Beam did not receive voluntary disclosure credit because “it did not timely disclose” the conduct at issue to the DOJ and “a former Company employee sent an email to the Company, copying the U.S. and Indian governments, alerting them to ‘illegal cash transactions’ associated with the Company’s distributors in India.” DPA ¶ 4(a). Likewise, Beam did not receive full cooperation credit due to its “inconsistent and, at times, inadequate cooperation.” DPA ¶ 4(c). In addition, Beam did not receive full credit for remediation because Beam “failed to discipline certain individuals involved” in the alleged conduct. DPA ¶ 4(f). Even with these factors, the monetary penalty the DOJ levied on Beam included a 10% reduction from the bottom of the otherwise-applicable Sentencing Guidelines fine range under the FCPA’s Corporate Enforcement Policy. DPA ¶ 4(m). It remains to be seen how DOJ will apply the CEP going forward, but this resolution underscores that there can be benefits to cooperation, which may be applied on a sliding scale.

We note that, despite the Anti-Piling On Policy, DOJ did not give Beam credit for fines and disgorgement it had already paid to the SEC. According to DOJ, this was because Beam did not seek to coordinate a parallel resolution with DOJ when it resolved matters with the SEC. DPA ¶ 4(k); DOJ Press Release. This serves as a reminder that corporate defendants benefit from developing a comprehensive approach to all relevant enforcement authorities, whether that includes different components of the U.S. government or multiple regulators around the globe.

(5) Is the use of corporate compliance monitors on the decline?

Under its DPA, Beam is required to report annually on a series of compliance initiatives, such as implementing compliance policies and procedures, conducting periodic risk assessments and ensuring adequate training. DPA, Attachment C. Under the DOJ’s policy on the Selection of Monitors in Criminal Division Matters, an independent corporate monitor is often appropriate in cases where there is recurring misconduct or compliance lapses. Nonetheless, even though Beam allegedly “willfully” failed to implement internal controls, DOJ did not impose a monitor here. This raises the question of whether DOJ is reconsidering its approach to monitors going forward, although a new administration may moot any trends in that regard.
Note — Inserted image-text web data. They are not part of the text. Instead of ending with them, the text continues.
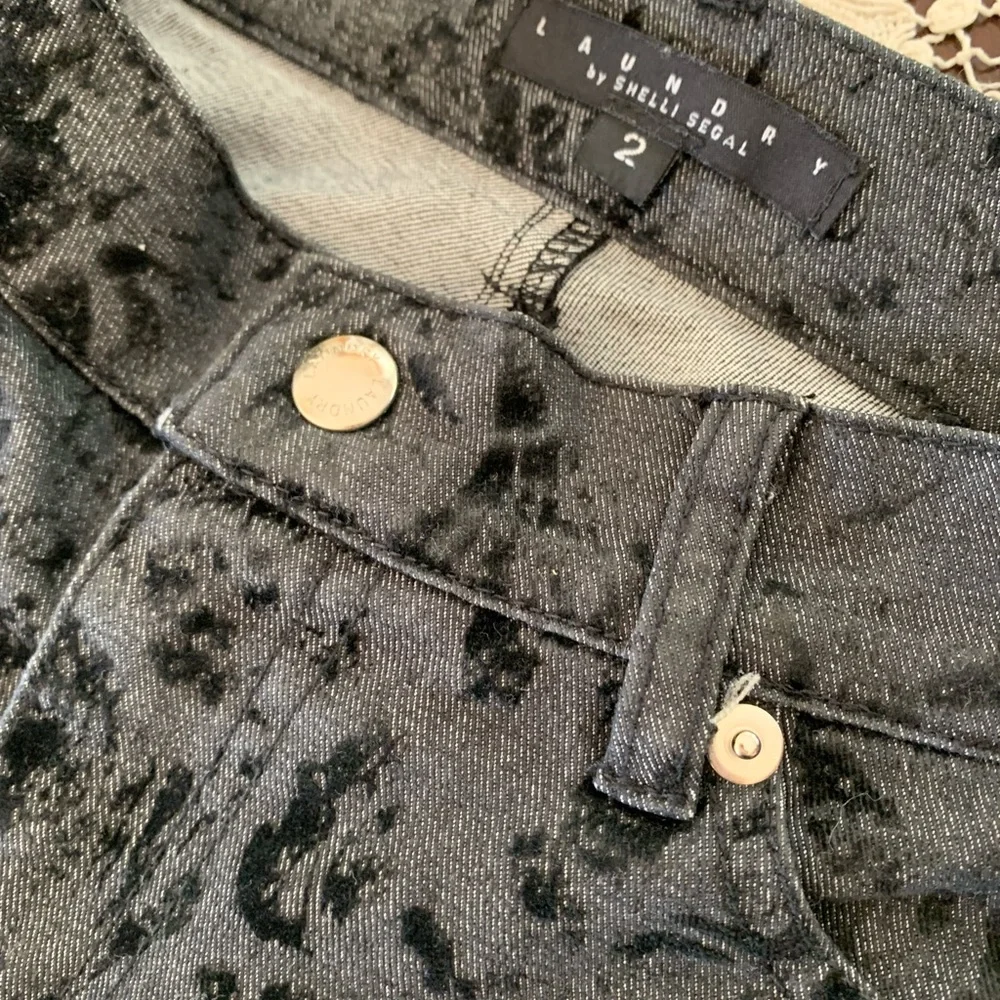 LAUNDRY by Shelli Segal Black bootleg Textured 62% cotton slacks size 2 …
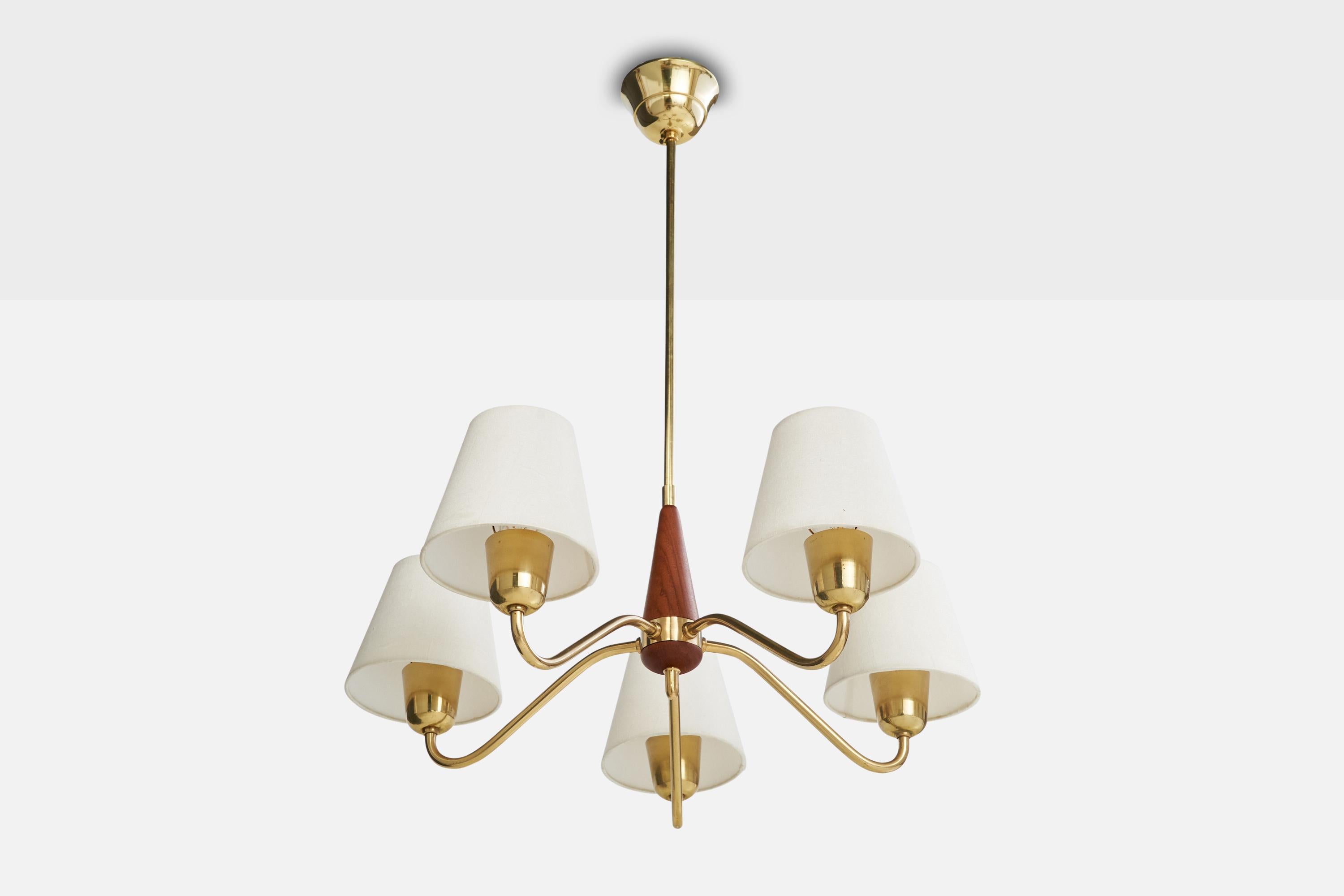 Lustre en laiton, bois et tissu blanc conçu et produit en Suède, c.C. 1950.

Dimensions globales (pouces) : 27.25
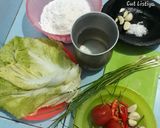 Foto langkah ke 1 dari resep Sawi Gulung Aci Kuah Pedas.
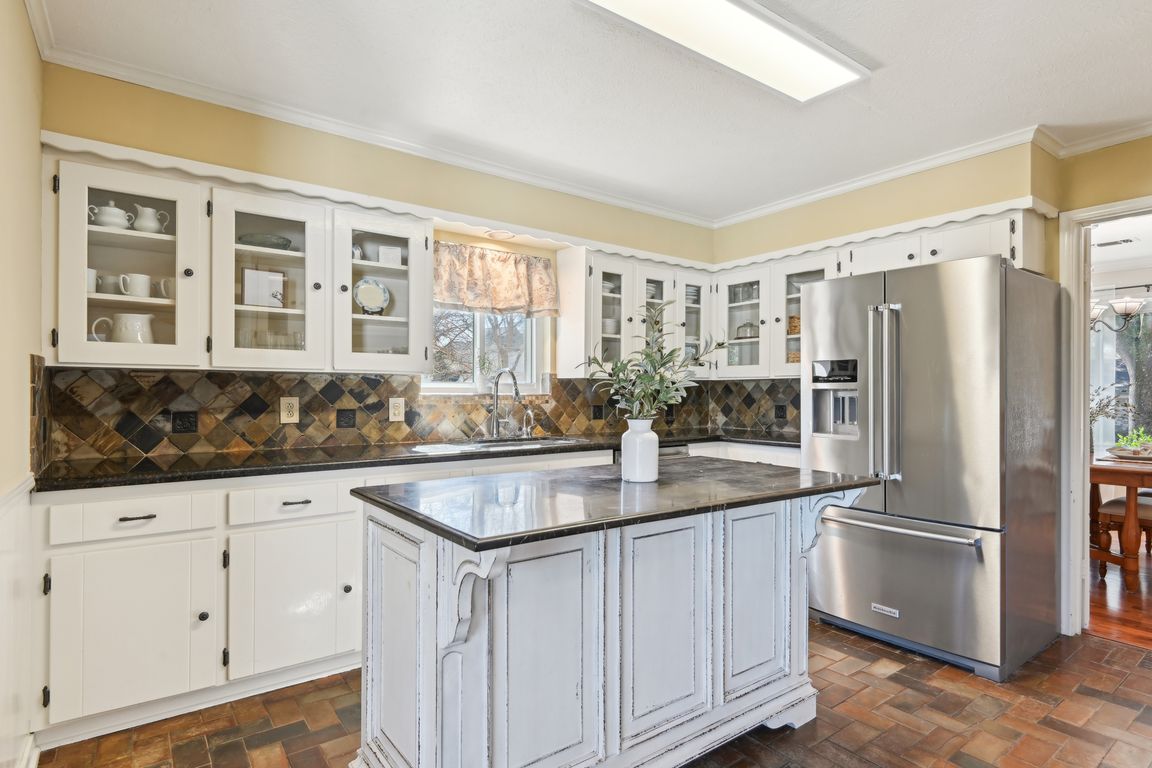 Rockbrook Dr-017.jpg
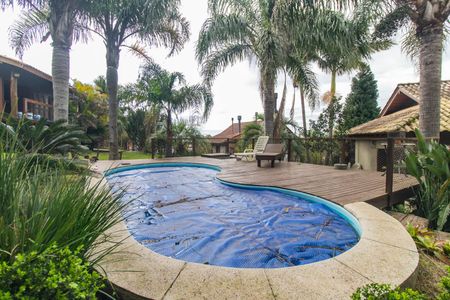 Casa de condomínio à venda com 249m², 3 quartos e 4 vagas Casa de condomínio à venda com 249m², 3 quartos e 4 vagasPiscina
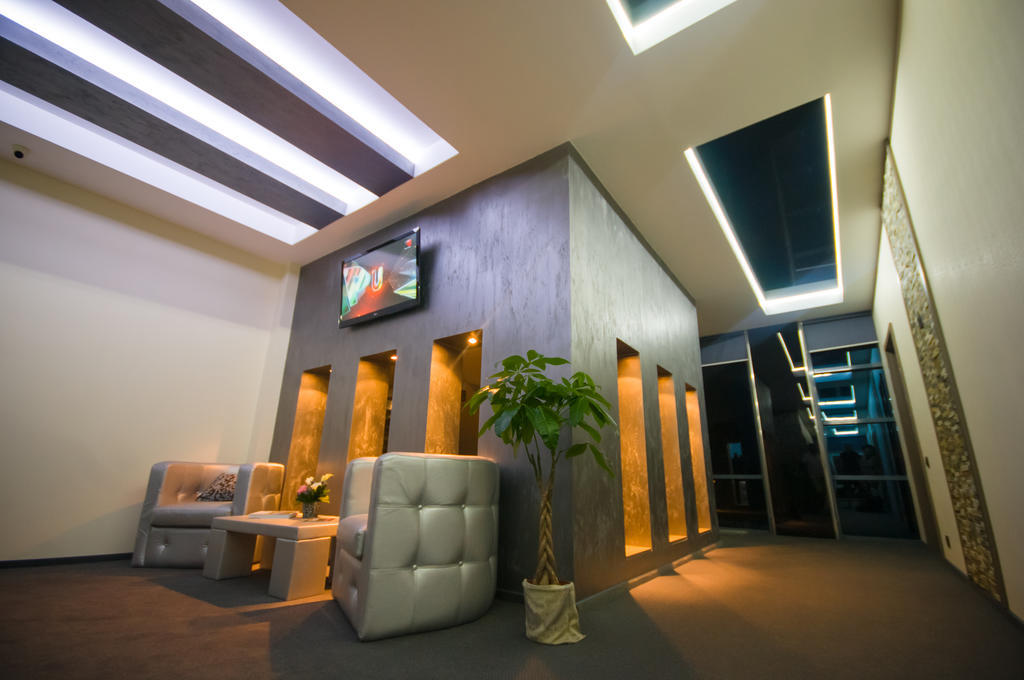 Hotel Aqua Târgu Jiu Extérieur photo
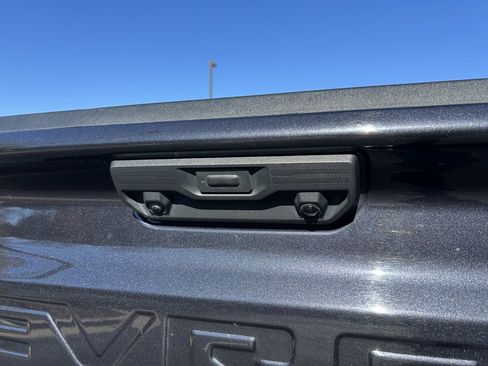 Used 2024 Chevrolet Silverado 1500 High Country image 30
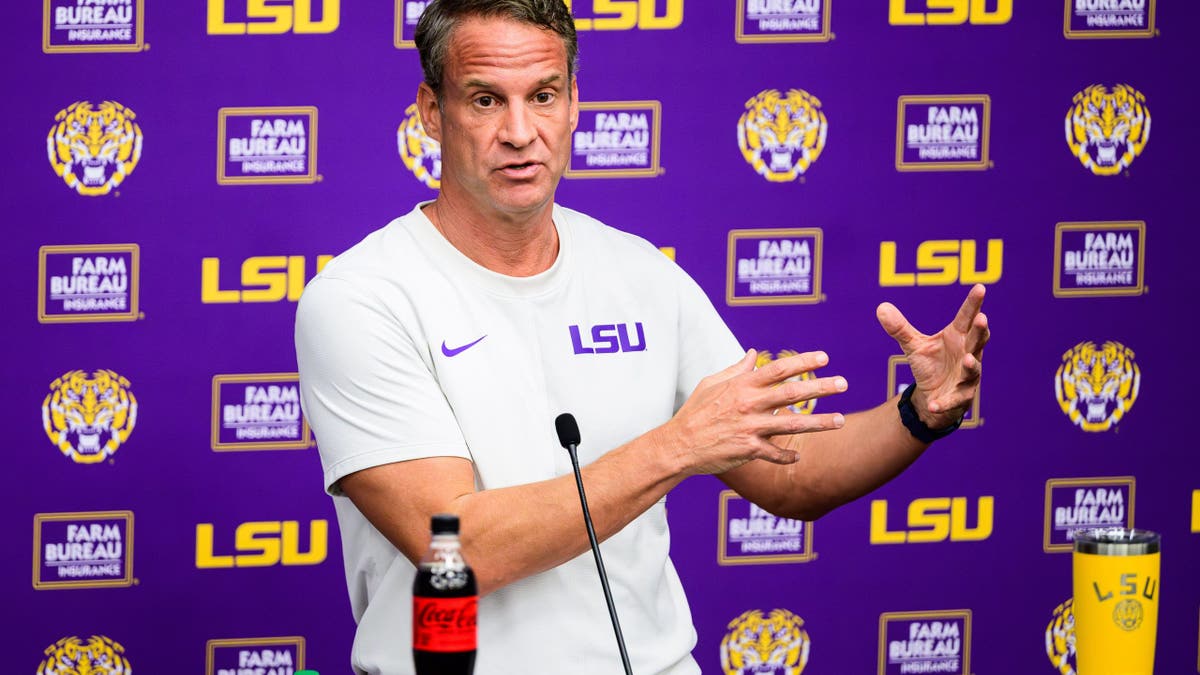 Head coach Lane Kiffin speaking at LSU Football Practice Facility in Baton Rouge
Beam’s resolution with DOJ provides useful insight for anti-corruption practitioners and compliance professionals, and also for lawyers involved in significant international transactions. In particular, the resolution reveals the importance of conducting a combination of pre and post-transaction due diligence in cross-border M&A deals and demonstrates the benefit of identifying and addressing FCPA risks in a robust manner.